Assignment:
Nothing but the records themselves, exactly as written, should appear in the reply; leave out the pictures.

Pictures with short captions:
· · · · ·

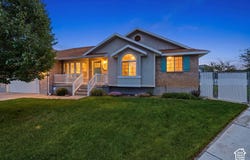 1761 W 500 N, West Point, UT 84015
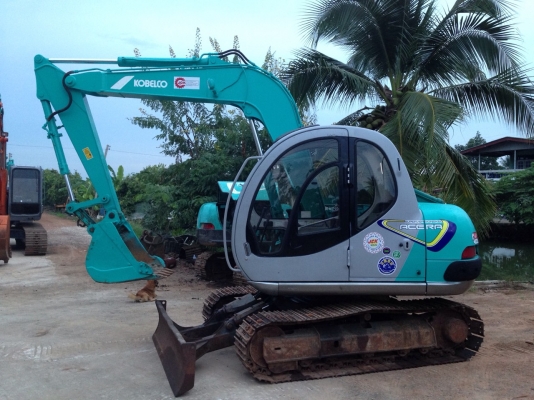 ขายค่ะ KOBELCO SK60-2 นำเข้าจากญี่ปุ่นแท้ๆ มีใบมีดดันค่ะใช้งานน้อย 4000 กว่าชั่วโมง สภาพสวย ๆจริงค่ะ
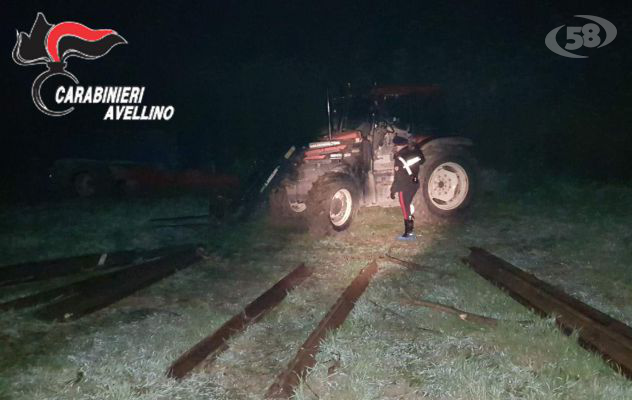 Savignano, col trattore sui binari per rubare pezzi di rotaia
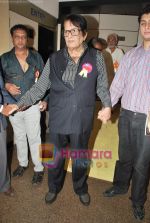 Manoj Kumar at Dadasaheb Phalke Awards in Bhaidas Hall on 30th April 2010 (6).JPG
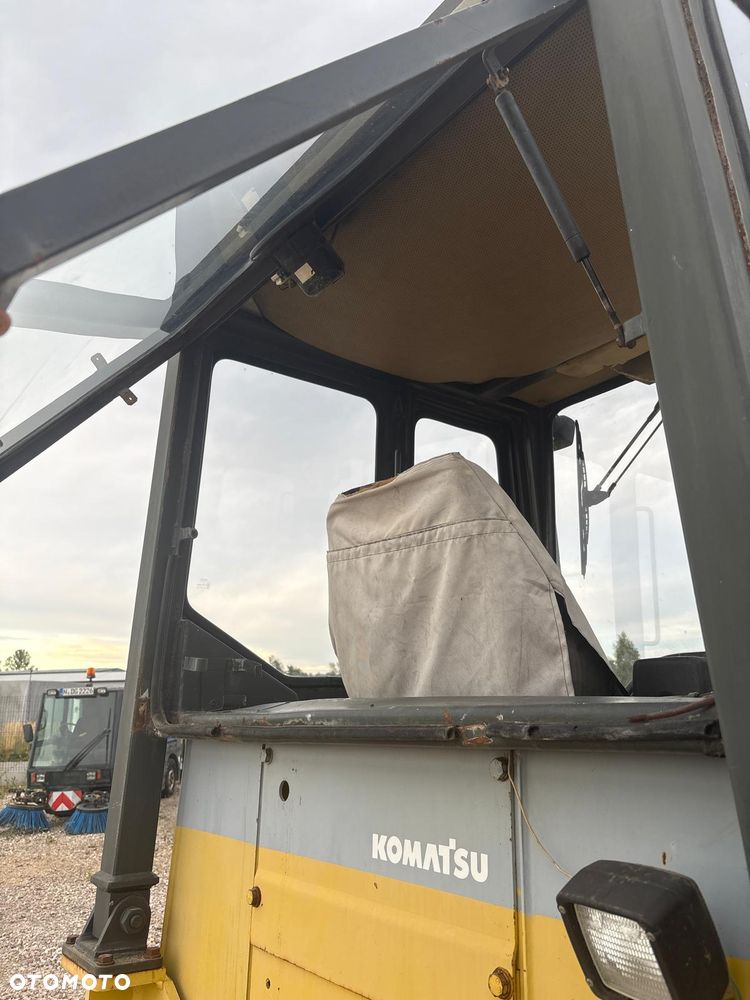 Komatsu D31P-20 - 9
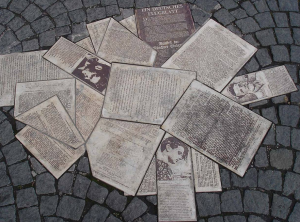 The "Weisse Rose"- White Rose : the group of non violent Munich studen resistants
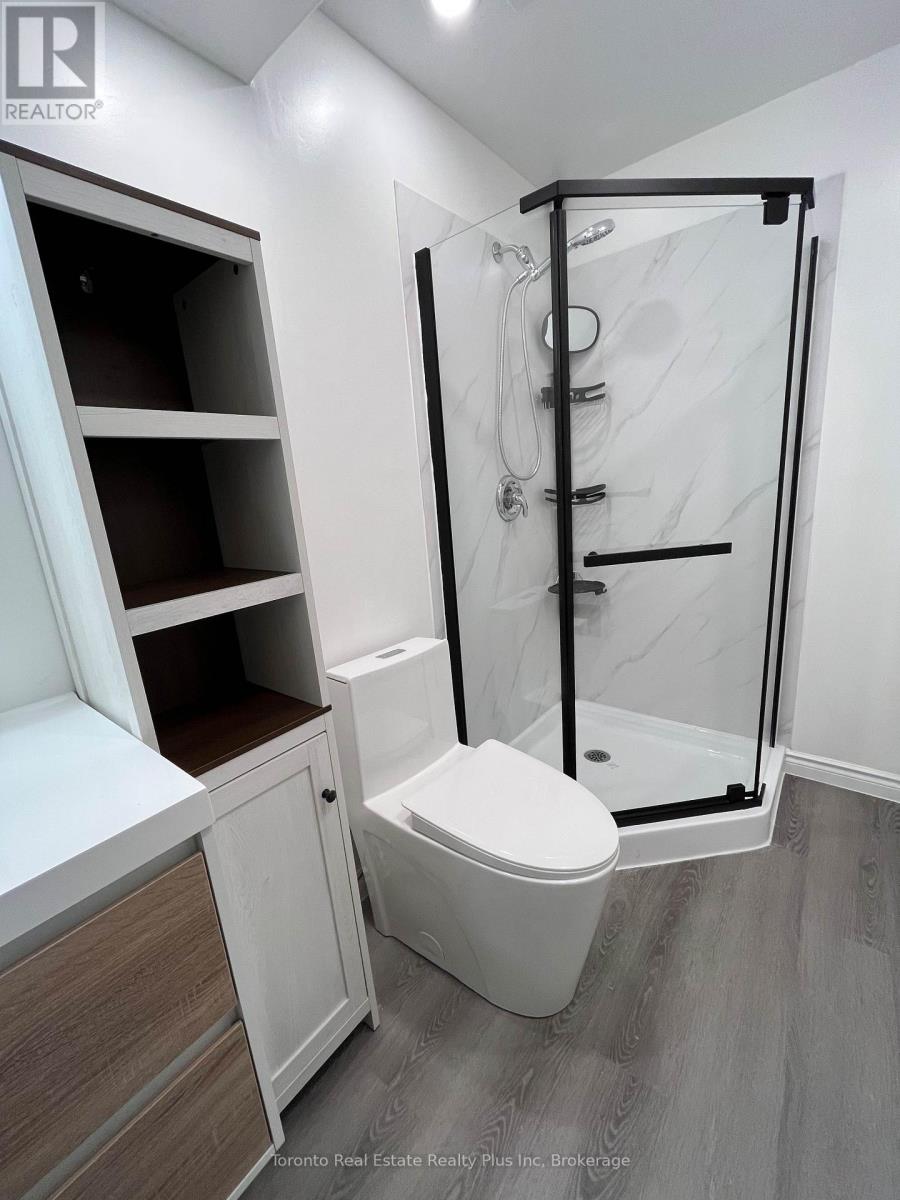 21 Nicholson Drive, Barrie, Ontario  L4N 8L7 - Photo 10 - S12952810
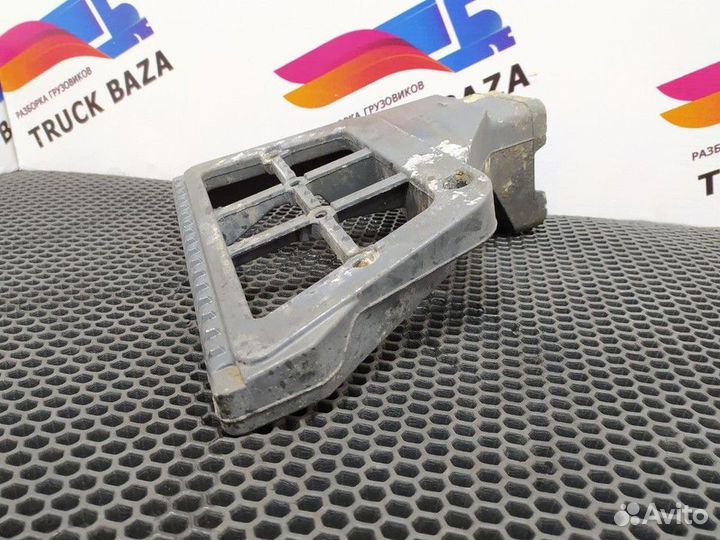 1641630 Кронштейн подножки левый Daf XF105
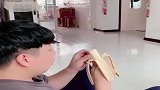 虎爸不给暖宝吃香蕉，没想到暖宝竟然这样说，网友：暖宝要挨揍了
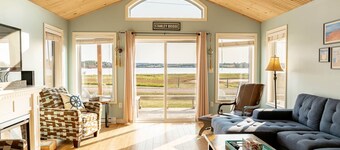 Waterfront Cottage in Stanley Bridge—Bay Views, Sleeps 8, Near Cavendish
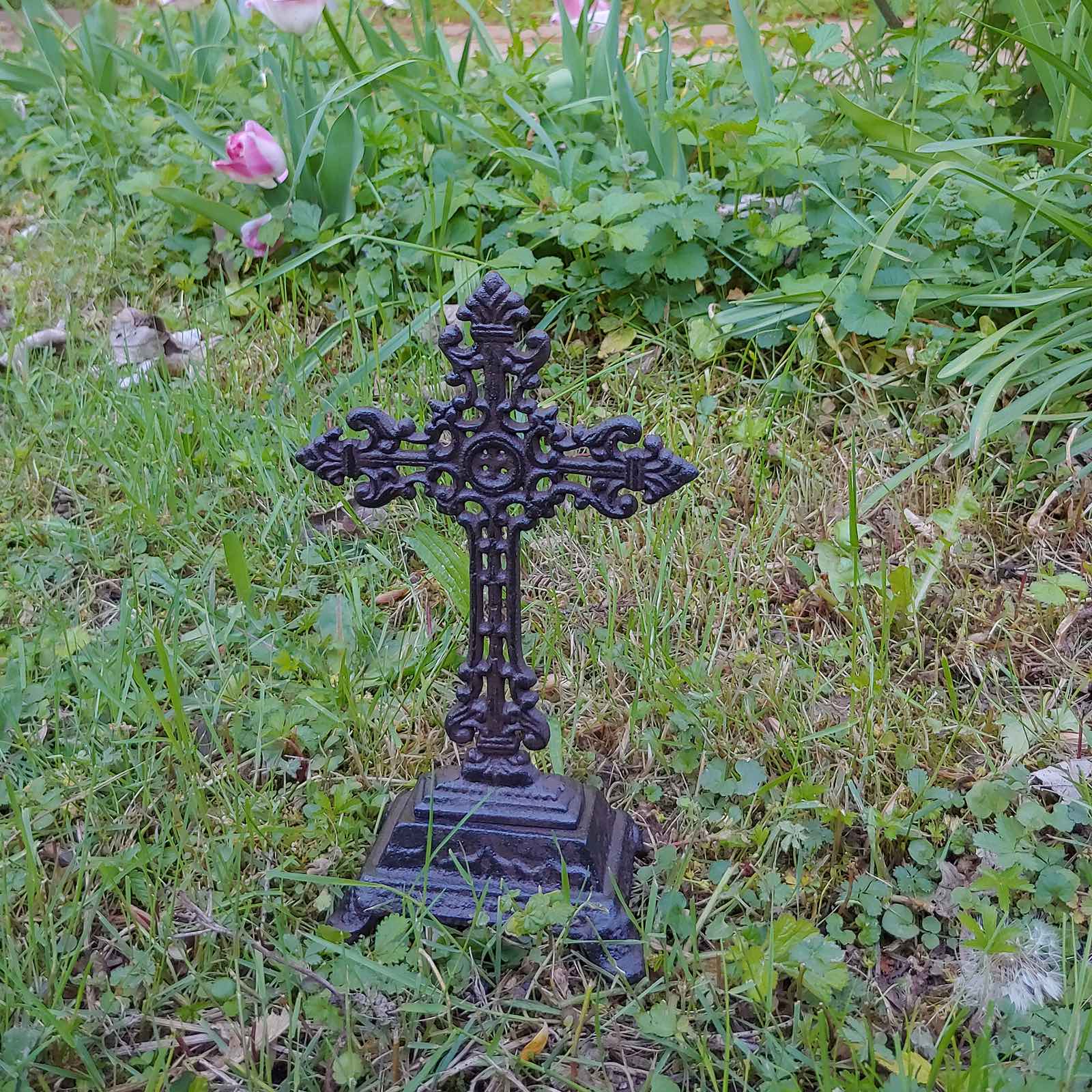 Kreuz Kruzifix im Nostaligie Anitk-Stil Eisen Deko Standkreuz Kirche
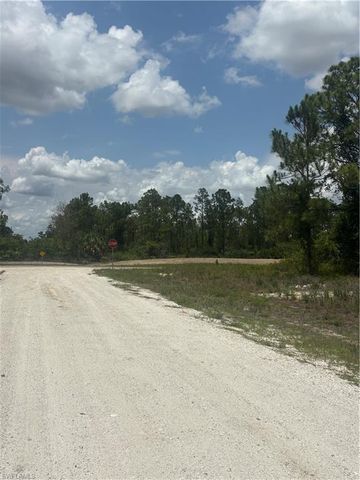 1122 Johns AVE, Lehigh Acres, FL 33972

· · · · ·

Answer space:
 1761 W 500 N, West Point, UT 84015
 ขายค่ะ KOBELCO SK60-2 นำเข้าจากญี่ปุ่นแท้ๆ มีใบมีดดันค่ะใช้งานน้อย 4000 กว่าชั่วโมง สภาพสวย ๆจริงค่ะ
 Savignano, col trattore sui binari per rubare pezzi di rotaia
 Manoj Kumar at Dadasaheb Phalke Awards in Bhaidas Hall on 30th April 2010 (6).JPG
 Komatsu D31P-20 - 9
 The "Weisse Rose"- White Rose : the group of non violent Munich studen resistants
 21 Nicholson Drive, Barrie, Ontario  L4N 8L7 - Photo 10 - S12952810
 1641630 Кронштейн подножки левый Daf XF105
 虎爸不给暖宝吃香蕉，没想到暖宝竟然这样说，网友：暖宝要挨揍了
 Waterfront Cottage in Stanley Bridge—Bay Views, Sleeps 8, Near Cavendish
 Kreuz Kruzifix im Nostaligie Anitk-Stil Eisen Deko Standkreuz Kirche
 1122 Johns AVE, Lehigh Acres, FL 33972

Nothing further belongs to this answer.